Energia: por causa de seus vastos territórios, habitação de baixa densidade e relativa riqueza, essas cidades consomem uma tremenda quantidade de energia. Um estudo em 2010 constatou que metrópoles em expansão utilizam 38% do total de energia fornecida no mundo, sendo a maior parte consumida no abastecimento de carros e casas das pessoas.

Mobilidade: apesar dos sistemas de transporte público modernos, os carros são o principal meio de locomoção da maioria das pessoas. Dirigir se torna mais fácil por conta das longas e bem conservadas redes de rodovias e porque, para a maioria dos cidadãos, ter um carro é algo acessível.

Moradia: ainda que haja áreas de maior densidade nos centros dessas cidades, a maior parte das pessoas moram em subúrbios que se estendem por muitos quilômetros. A grande prosperidade aqui leva as pessoas a desejarem ter mais espaço. Isso, combinado às políticas de planejamento relativamente livres, contribui para que a expansão dos subúrbios continue.
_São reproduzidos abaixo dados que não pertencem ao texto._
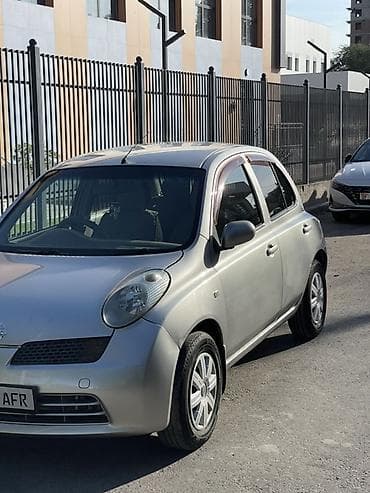 nissan bluebird 2003: Nissan Micra: 2003 г., 1.3 л, Автомат, Бензин, Хэтчбэк — 3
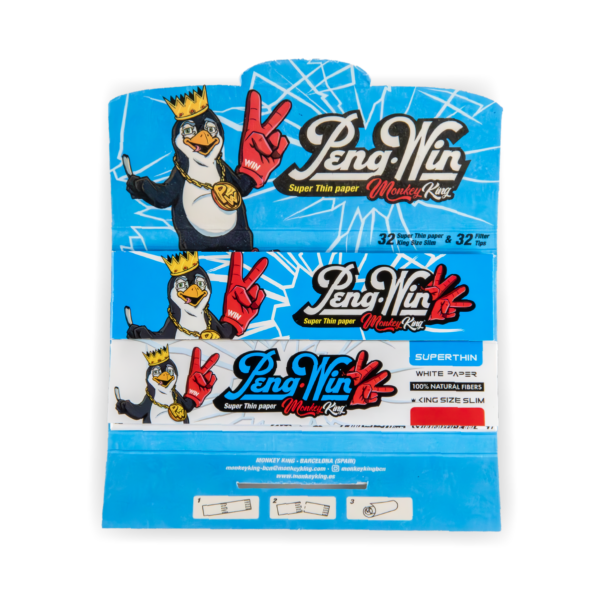 Rolling Papers + Tips: King Size Slim - Peng-Win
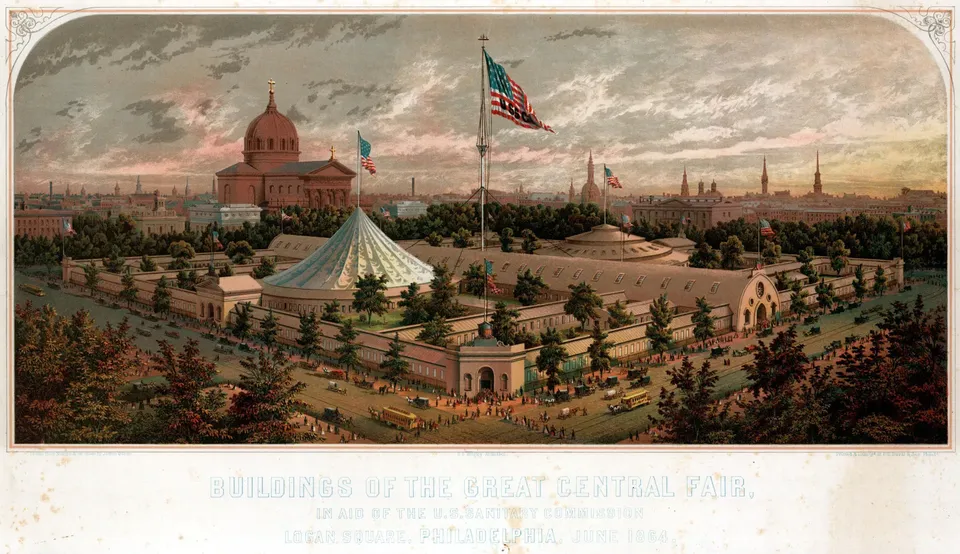 Great Central Fair, Filadelfia, 1864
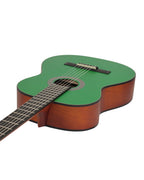 Guitarra Clasica Green 39¨- Incluye Funda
Economia: essas cidades são tipicamente baseadas em serviços de alto valor, como tecnologia e finanças, com as indústrias sendo terceirizadas ou afastadas para fora dos limites da cidade.

Usina urbana

Usina urbana: alta população, GDP alto, densidade alta.
Exemplos: Hong Kong, Cingapura, Nova Iorque. Fonte: Shell.
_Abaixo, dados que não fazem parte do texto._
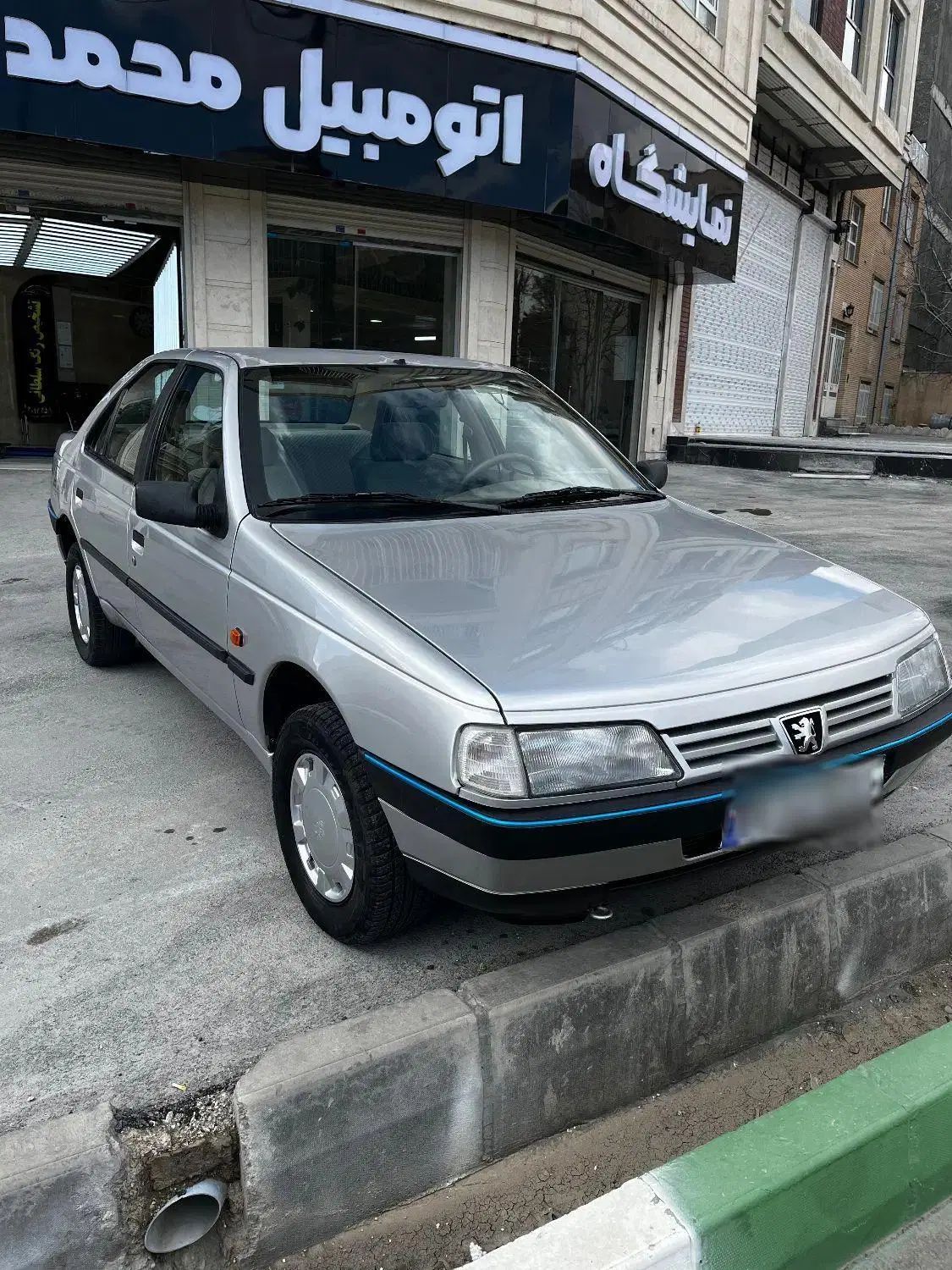 پژو 405 GLX - 1389
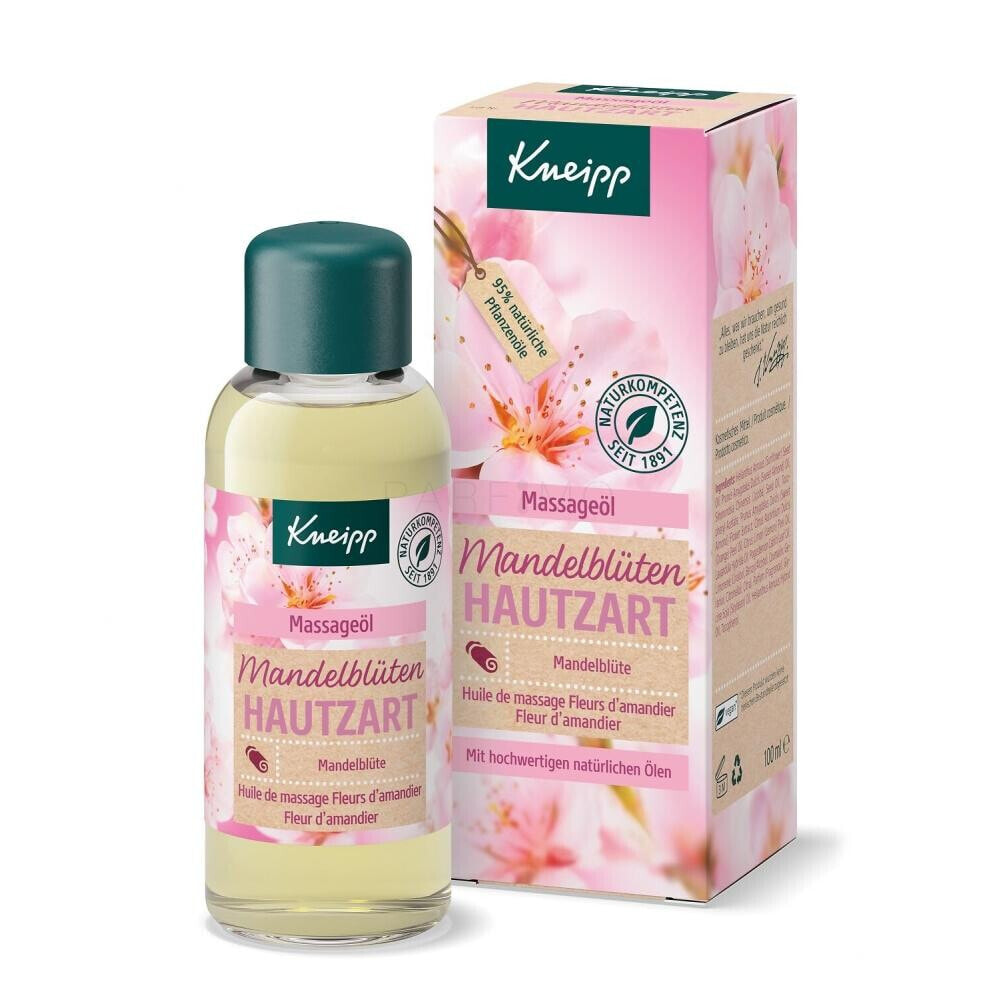 Kneipp Soft Skin Massage Oil 100 ml massagemittel für Frauen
Cidades densamente povoadas, tanto quanto são ricas, uma conquista relativamente rara para os padrões atuais.Produtos do desenvolvimento feito de forma controlada e bem-sucedida em décadas recentes, elas têm uma posição influente como importantes centros comerciais em suas regiões.

– Localização: muitas usinas urbanas como Hong Kong se desenvolveram em ilhas, e esse isolamento relativo tende a mantê-las livres do impacto negativo das crises políticas, econômicas e sociais em suas regiões.
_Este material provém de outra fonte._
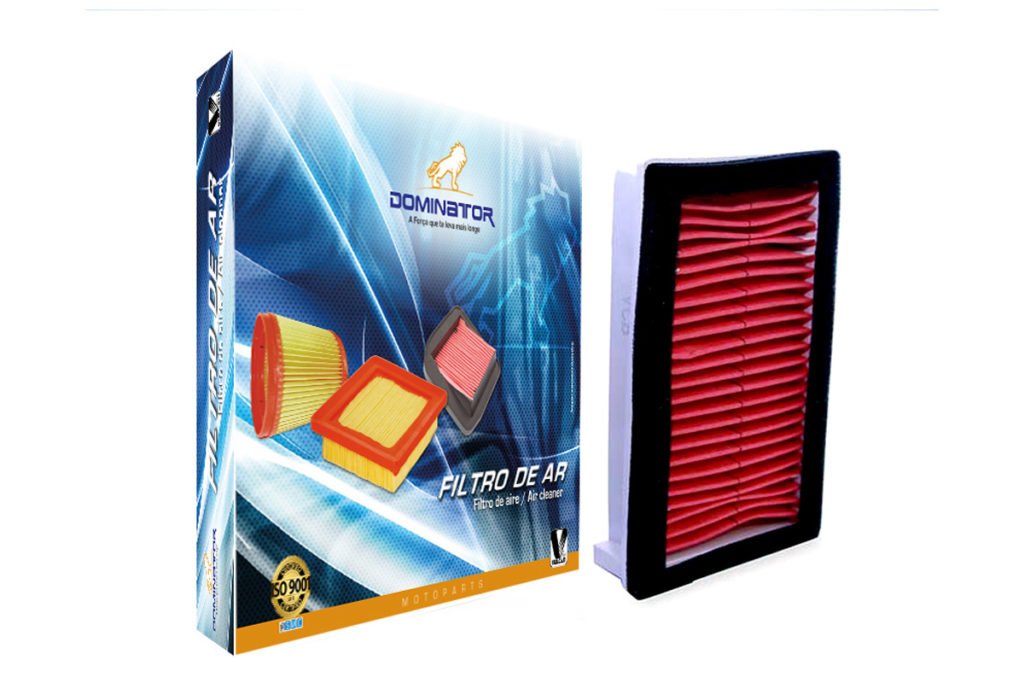 FILTRO DE AR DOMINATOR YAMAHA XT TENERE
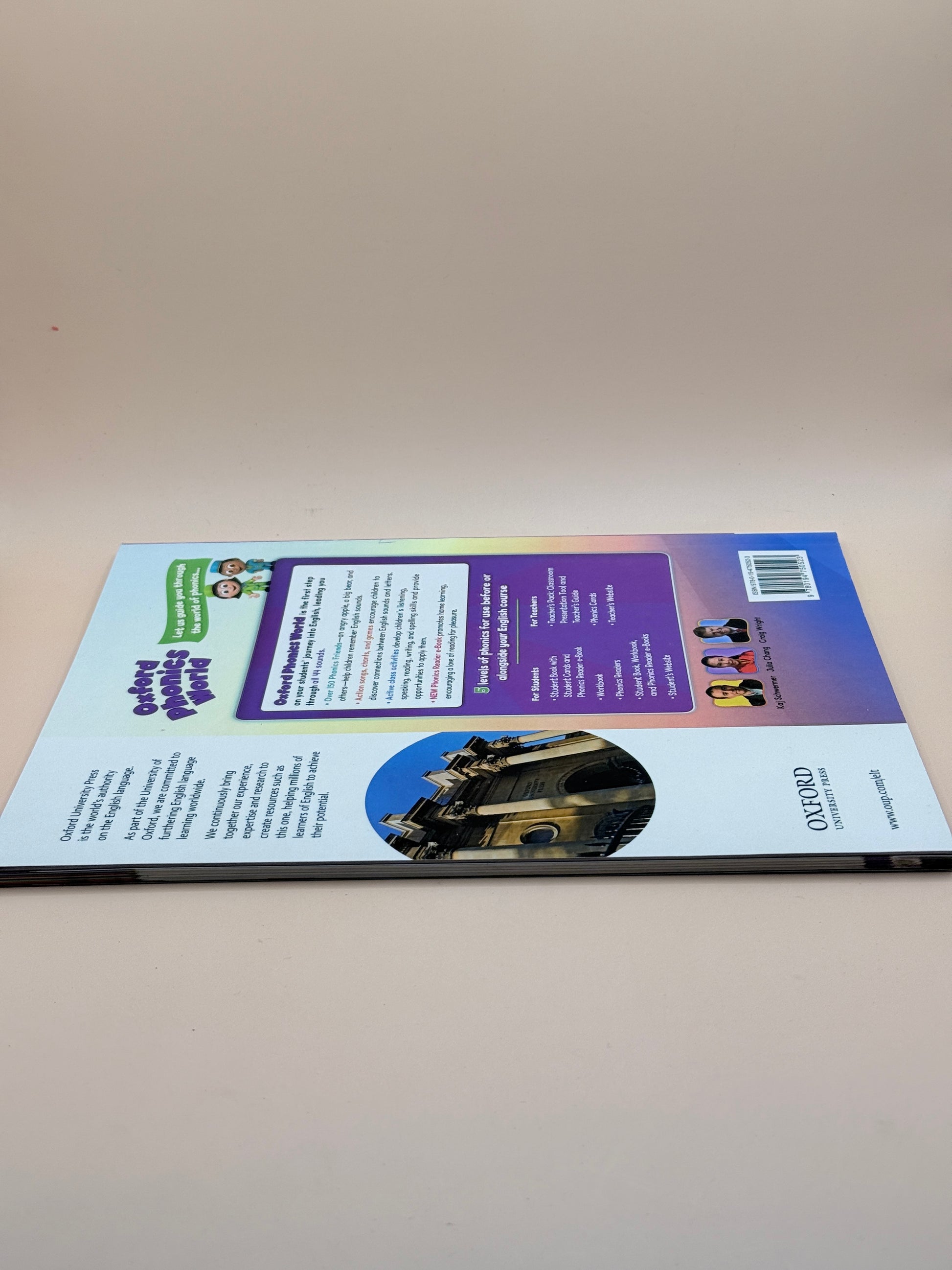 Oxford Phonics World 4: Consonant Blends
– Energia: apesar de maior prosperidade significar um alto consumo de energia, isso não tem um grande impacto global devido ao número relativamente pequeno de usinas urbanas (oito, para ser exato). A grande população utiliza muita energia no aquecimento e resfriamento de casas e escritórios.

– Mobilidade: os sistemas de transporte público nessas cidades costumam ser modernos e bem desenvolvidos, com redes complexas de bondes, trens e ônibus servindo a milhares de pessoas todos os dias. Mas as rodovias ficam com o tráfego constantemente congestionado devido à quantidade de pessoas que possuem carros.

– Moradia: usinas urbanas tendem a ser mais densamente povoadas no seu centro, com habitações compactas e desenhadas de maneira eficiente. Apesar do tamanho considerável das áreas de periferia, políticas de planejamento continuam mantendo em xeque a expansão dos subúrbios.

– Economia: a maior parte dos empregos nos centros das cidades é dominada por indústrias de serviços como a de finanças, com maior presença de indústrias especializadas e altamente qualificadas nos arredores.

Agora que já sabemos e identificamos as diferenças entre as categorias das cidades, podemos refletir e analisar melhor as nossas próprias cidades. 

Trabalhando um novo olhar, com perspectivas futuras, pensando as novas construções com aspectos e características que acompanhem o desenvolvimento urbano, social, econômico e tecnológico de cada uma. 

Dessa forma, poderemos trabalhar investimentos e empreitadas mais prósperas e assertivas.